Words can more than hurt, words can destroy, ruin, and kill. If you incite a riot, you will be criminally and civilly liable, same as for slander, libel, etc. One perfectly timed lie about someone can completely ruin their lives via damage to good reputation, financial ruin, cripling emotional damage, etc. , yet no one has suggested having a government appointed censor be supplied, or have a registered speech license, or a speech tax be applied to those who exercise that right, nor should it be. A riot that gets out of control can cause more damage to civilian property, health, and even take more lives than any unchecked nutcase with a military weapon ever could, yet we don't consider speech dangerous, same with a violent repeat offender who disappears after getting out of punishment on a technicality, yet those rights are there for a reason, and much less checked than the second. In fact, those rights could vanish easily AND quickly without the second to back them up.
I'm not saying they can't interpret the Constitution. Obviously they do given Roe V. Wade, etc. However, a Constitutional Convention would erase any doubt of what exactly the 2nd Amendment meant. Good or bad. Your way or not.

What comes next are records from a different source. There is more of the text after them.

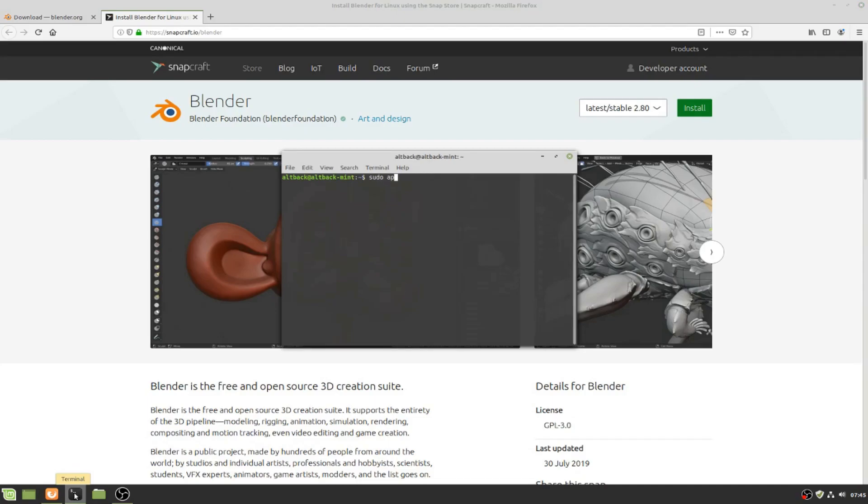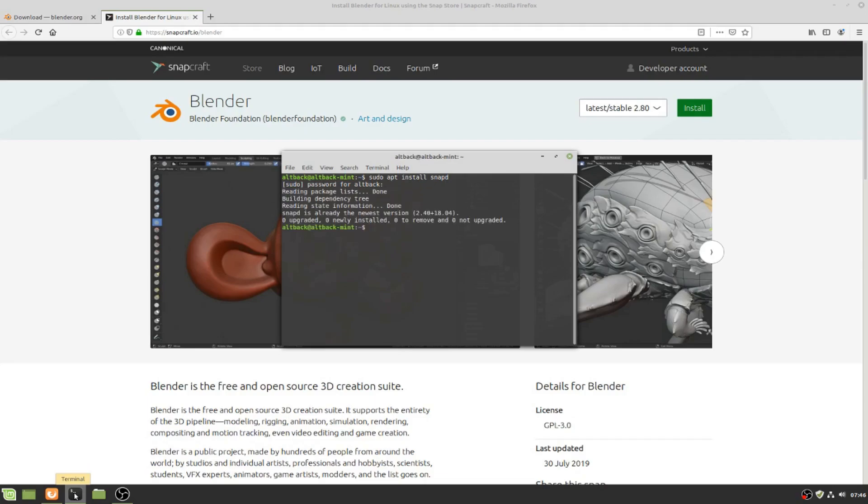Run sudo apt install snapd, which installs snapcraft on the computer so that we can install snap applications which are bundled by snapcraft. You'll be asked to enter a password. We have already installed it, so there is nothing new to install.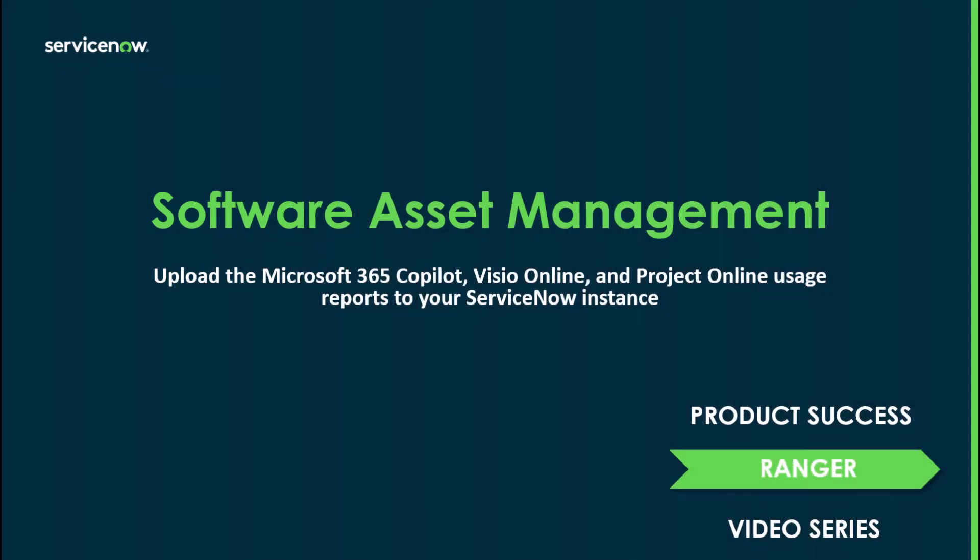In today's video, we're going to be talking about uploading the Microsoft 365 Copilot, Visio Online, and Project Online usage reports into your ServiceNow instance. This is a Xanadu feature and will be available to you when you've upgraded your instance to Xanadu.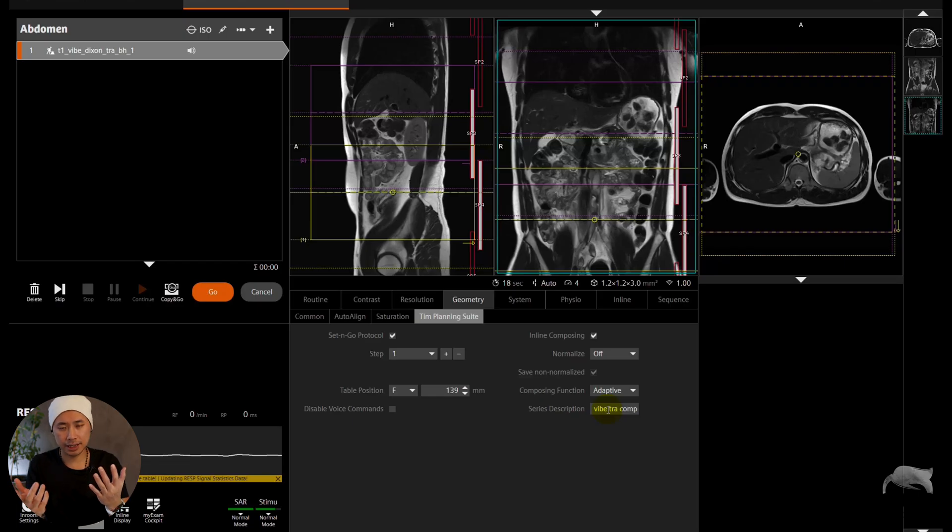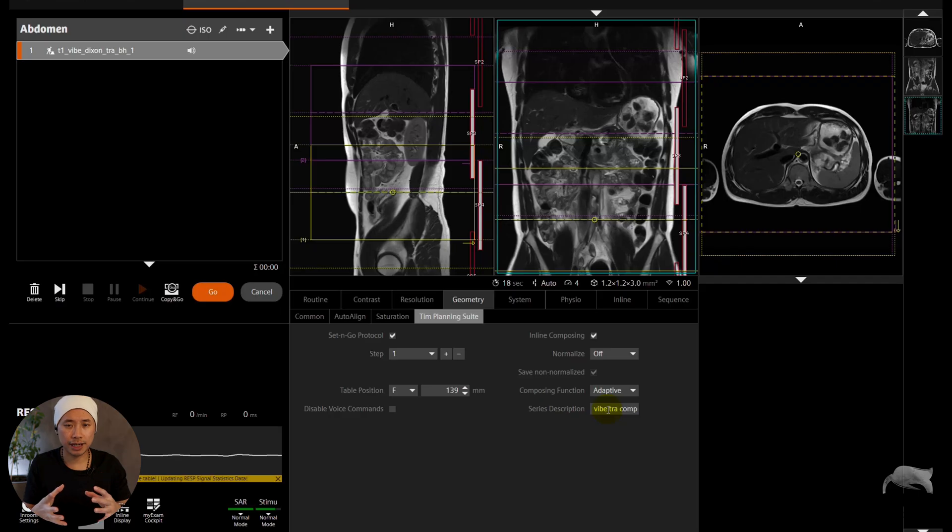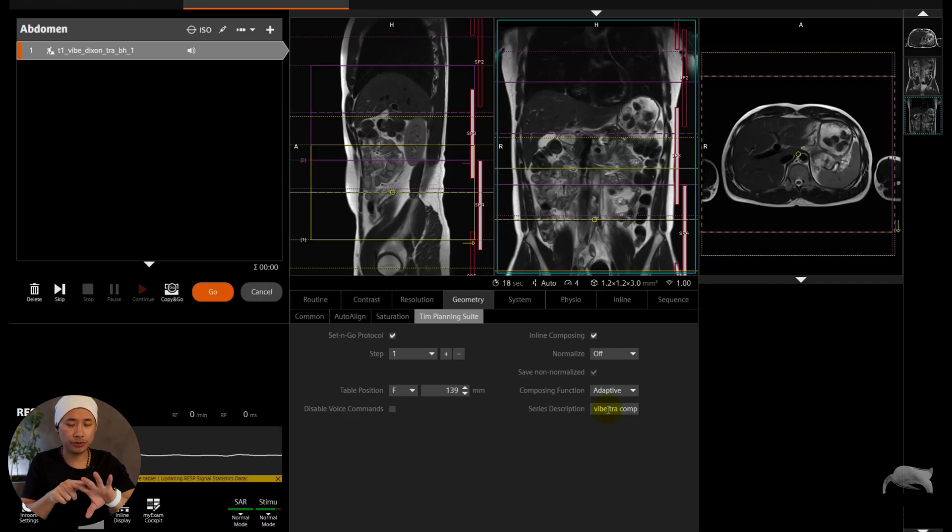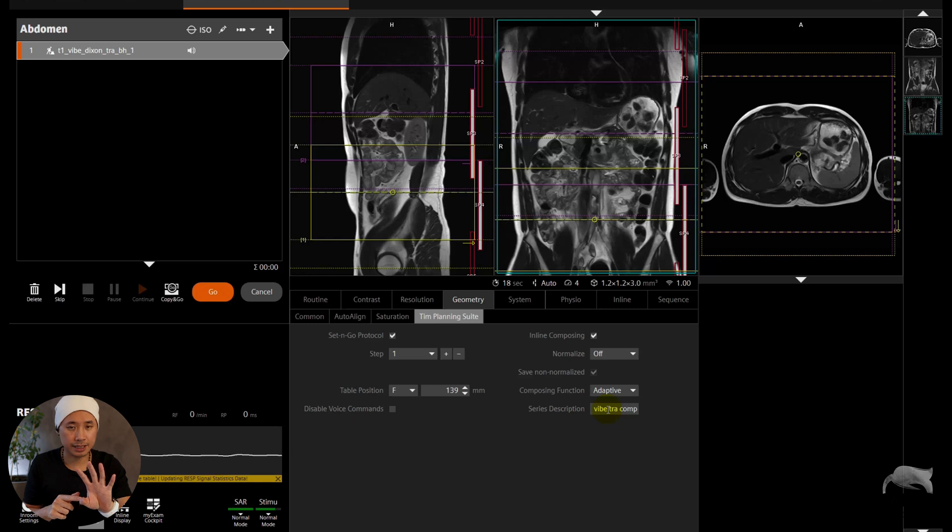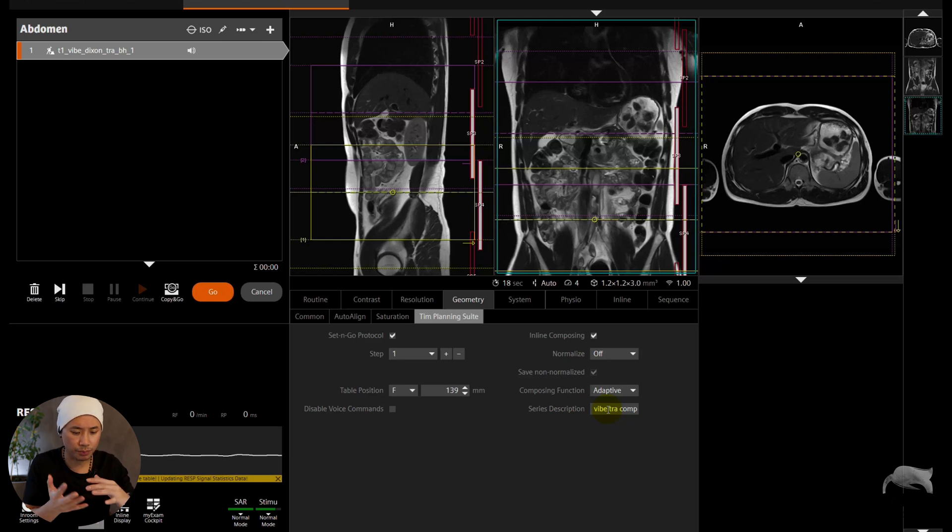And you can name this as T1 VIBE Dixon or whatever, transversal comp, as compose. And whenever the sequence is finished, if you have all the four images like in Dixon—in, out, water, and fat—they will compose together and they will separate for you, four different sequences, right? Different weighted. So it's all composed, it's perfect.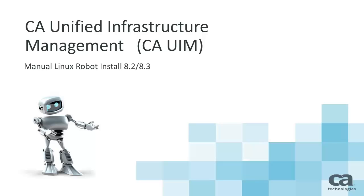Welcome to the CA Unified Infrastructure Management Manual Linux Robot Installation Video. During this video, you will be presented with the steps taken to manually install a robot onto a Linux operating system.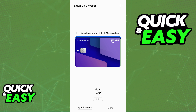Adding a transit pass to a digital wallet makes the process of boarding much more convenient, because instead of using your physical card, you can just place your phone near the card reader and automatically your balance is going to get used and you will be able to board.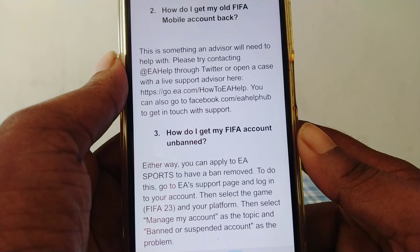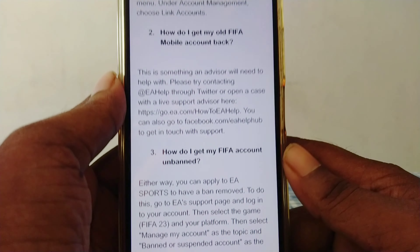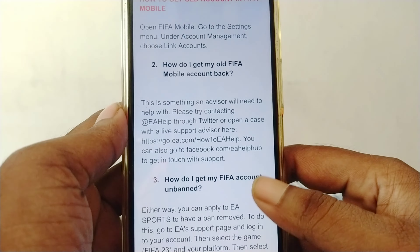How to get an old account in FIFA Mobile. How do I connect my old FIFA account? Please open FIFA Mobile, go to the settings menu, and under account management choose 'Link Account.'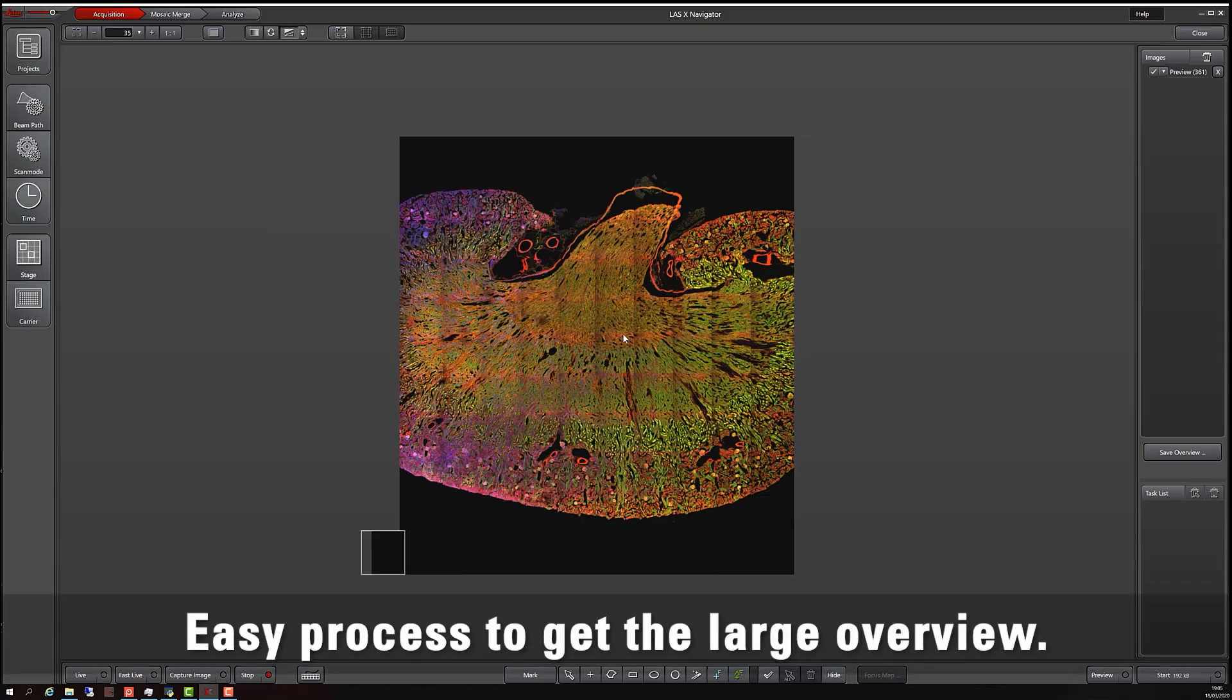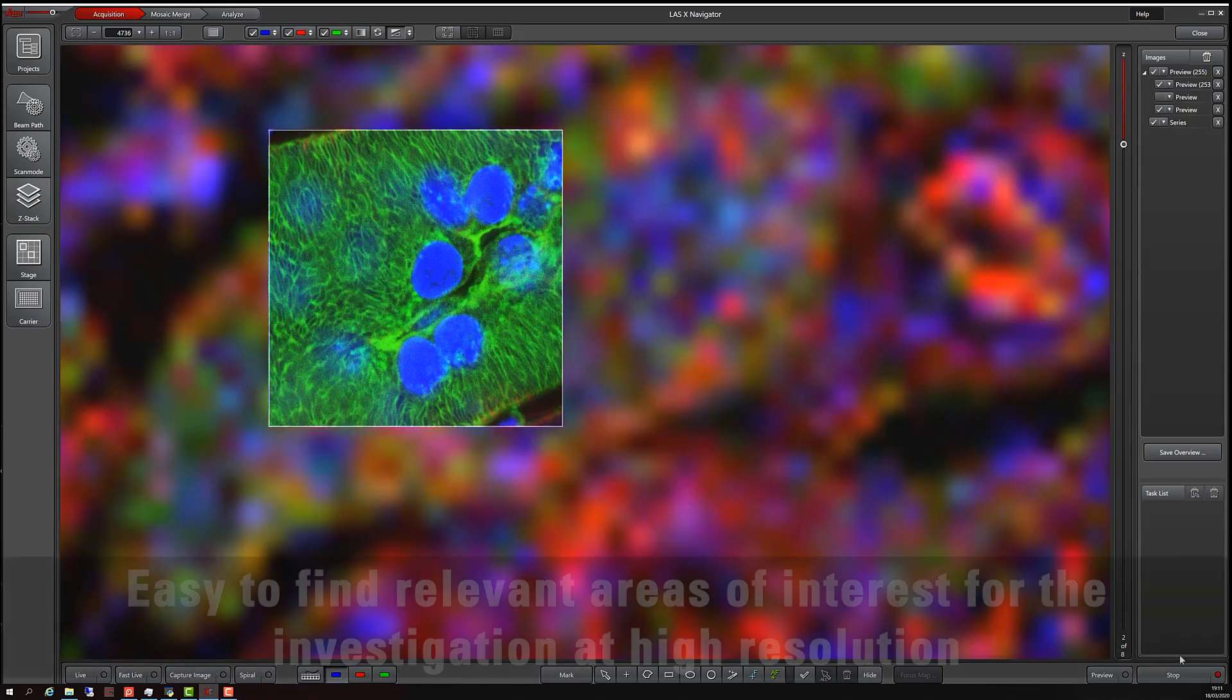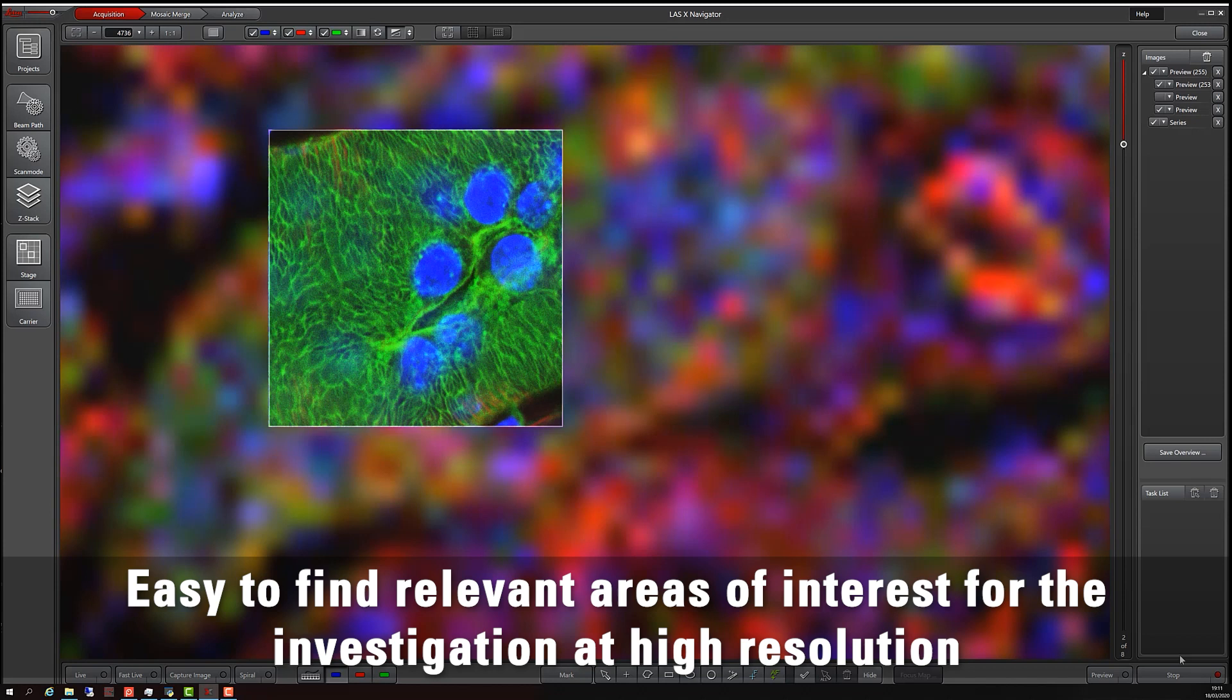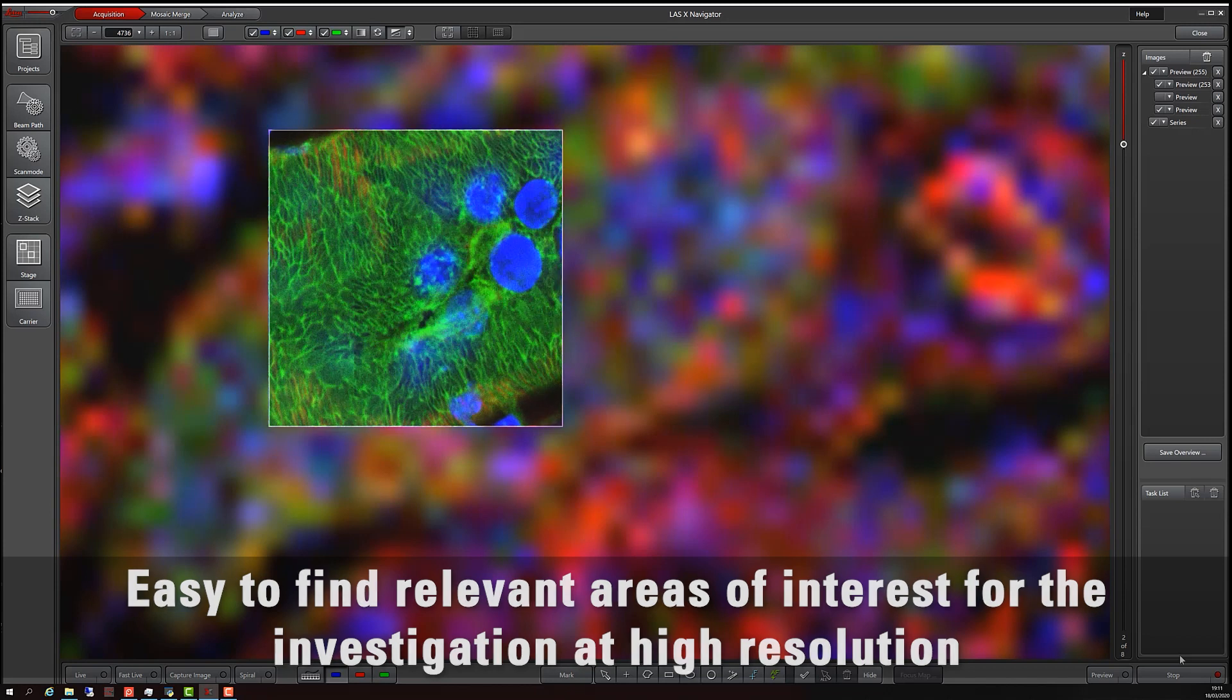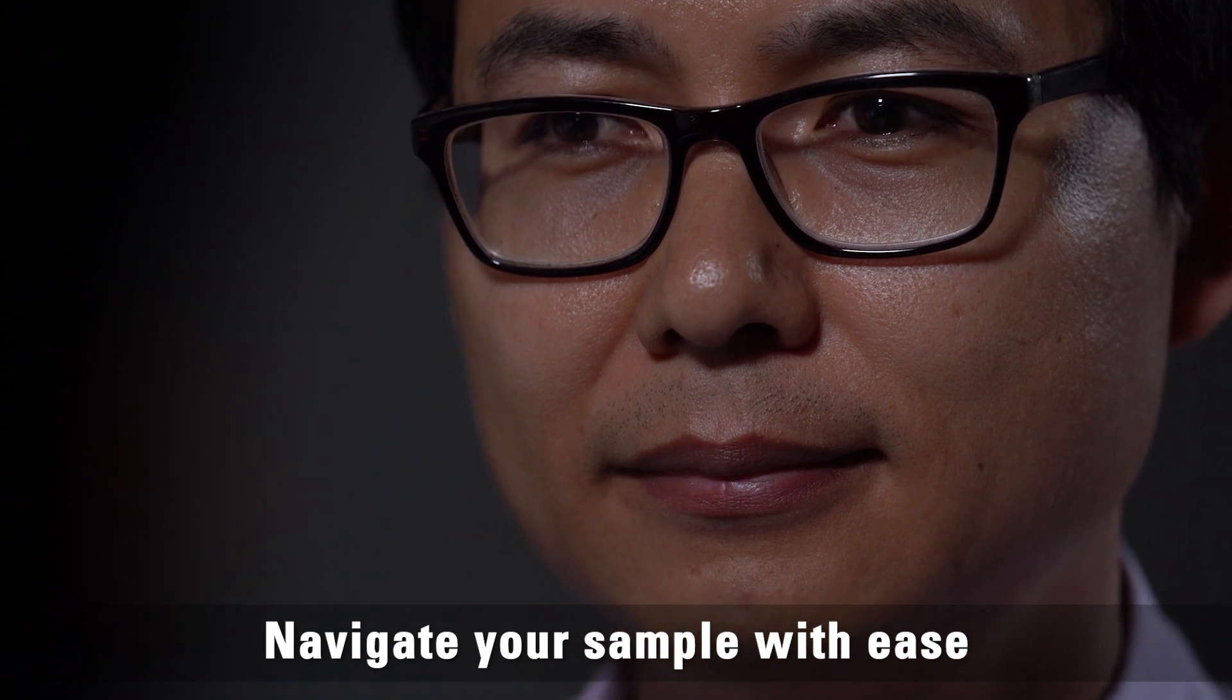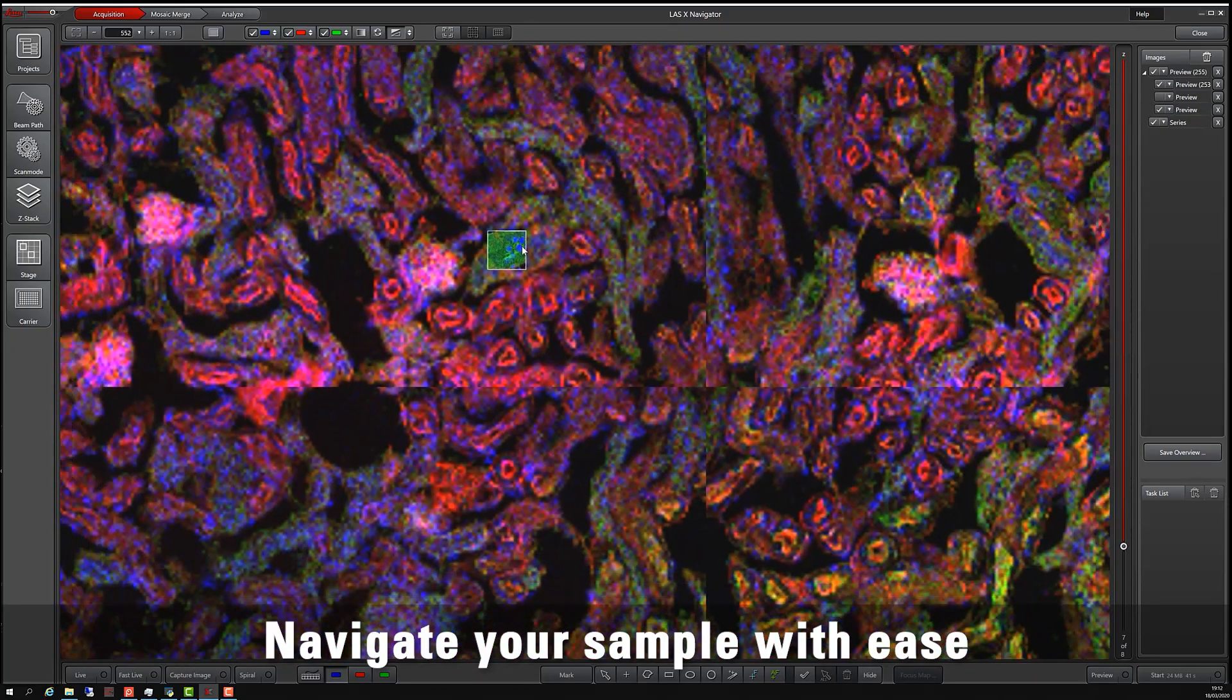Start with a spiral scan at low resolution. Mark areas of interest and scan them with high resolution in 3D to make fine details visible. All image data can be navigated by you in a single view with the LASX Navigator.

What would be the point, since the court could pick that apart eventually again anyway? The principles set fourth in the original conventions easily apply today, why give corrupt politicians the opportunity to screw them up?
Your argument's fine but it still doesn't address the fact that the only permanent way to codify whether we should be allowed to own "every" weapon the military has is to have the Amendment speak specifically on this point.
It does. Next.
Else, like here and now, it's two sides of the argument arguing their position from a point of interpretive conjecture what the founding fathers meant.
Incorrect, historical writings have shown the practice and extent of the amendment, it is the side that wants to limit the right that has convoluted the meaning and extent.